Fibres and Yarns

To make import of cotton yarn duty-free, PLI scheme will be introduced for cotton textiles in the upcoming Budget

Published: January 28, 2022

Union Budget 2022-23: As far as the Indian textile industry is concerned, it is currently staring at the dawn of a bright future.

For the pandemic-hit Indian economy, the upcoming Union Budget is a beacon of hope for the future filled with optimism, strengthened by the abstinence lessons learned from the mayhem causing COVID-19. The focus of the Budget is expected to be on-demand generation and job creation which are the pillars of robust economic growth. In this light, it is expected that the annual budget exercise is a roadmap for economic recovery by ensuring tax and policy stability.

With the slowdown in China, an apt time to provide sops for the textile industry

As far as the Indian textile industry is concerned, it is currently staring at the dawn of a bright future that upholds the promise of growth. The recent China+1 policy adapted by manufacturers in addition to the slowdown in China will enable sourcing destinations such as India to grab a significant share of the global textile market.
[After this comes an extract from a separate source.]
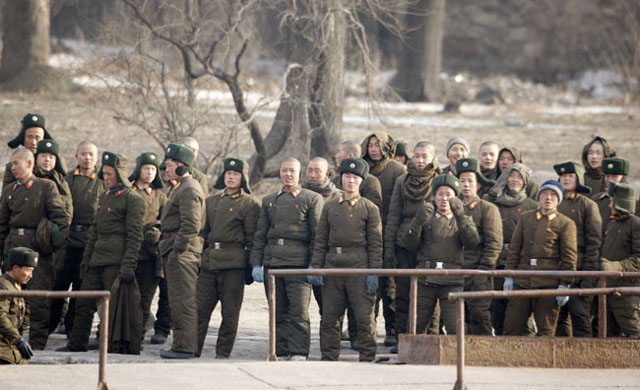 ▲ 중국 국경을 지키는 북한 국경경비대. ⓒ뉴시스. 무단전재 및 재배포 금지.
Our manufacturing prowess coupled with ease of access to raw materials and labor force has already made us a preferred destination for sourcing by leading global brands of repute to source products. It is the opportune time for the government to provide desired support in terms of sops to the textile industry to propel its growth further and significantly enhance the industry’s position globally.

The textile and apparel industry contributes majorly to export earnings and employment generation, is expecting changes in taxes, PLI scheme, and customs duty in the upcoming Budget. The garment and fabric export industry suffered heavily last year due to an over 100 percent increase in cotton fiber prices.

This crisis was further accentuated due to the levied 10 percent customs duty on the import of cotton fiber. To ease supply, this duty should be revoked. Also, since cotton yarn prices have increased by about 78 percent, this year has had an impact on the sector significantly. If the import of cotton yarn is made duty-free it would help in increasing supply domestically.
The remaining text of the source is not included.